Task input below:
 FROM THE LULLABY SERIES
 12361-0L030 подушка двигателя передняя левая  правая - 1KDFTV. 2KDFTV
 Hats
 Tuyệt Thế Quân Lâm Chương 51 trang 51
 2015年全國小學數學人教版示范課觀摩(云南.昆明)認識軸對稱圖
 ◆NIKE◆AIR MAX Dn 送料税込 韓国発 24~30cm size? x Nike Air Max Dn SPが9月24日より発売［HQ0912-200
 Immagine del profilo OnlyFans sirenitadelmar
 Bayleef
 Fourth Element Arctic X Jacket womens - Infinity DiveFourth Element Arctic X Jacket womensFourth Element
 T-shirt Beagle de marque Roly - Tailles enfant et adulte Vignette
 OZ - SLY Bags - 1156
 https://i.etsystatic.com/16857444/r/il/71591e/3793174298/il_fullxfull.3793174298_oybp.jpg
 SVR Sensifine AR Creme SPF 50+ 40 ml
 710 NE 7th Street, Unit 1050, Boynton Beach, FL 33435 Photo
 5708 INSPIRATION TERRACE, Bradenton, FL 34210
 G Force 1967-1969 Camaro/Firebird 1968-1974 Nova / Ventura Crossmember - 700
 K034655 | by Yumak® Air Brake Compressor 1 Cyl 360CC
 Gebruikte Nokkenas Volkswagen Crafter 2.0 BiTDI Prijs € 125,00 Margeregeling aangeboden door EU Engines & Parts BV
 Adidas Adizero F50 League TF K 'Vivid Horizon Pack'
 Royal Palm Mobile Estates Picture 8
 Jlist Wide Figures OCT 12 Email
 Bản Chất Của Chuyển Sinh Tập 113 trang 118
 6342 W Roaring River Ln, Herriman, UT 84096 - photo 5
End of Task input.
**Work to complete**
Which lines of the entries above contain the string "trang"? Copy each one.

**Exercise output**
 Tuyệt Thế Quân Lâm Chương 51 trang 51
 Bản Chất Của Chuyển Sinh Tập 113 trang 118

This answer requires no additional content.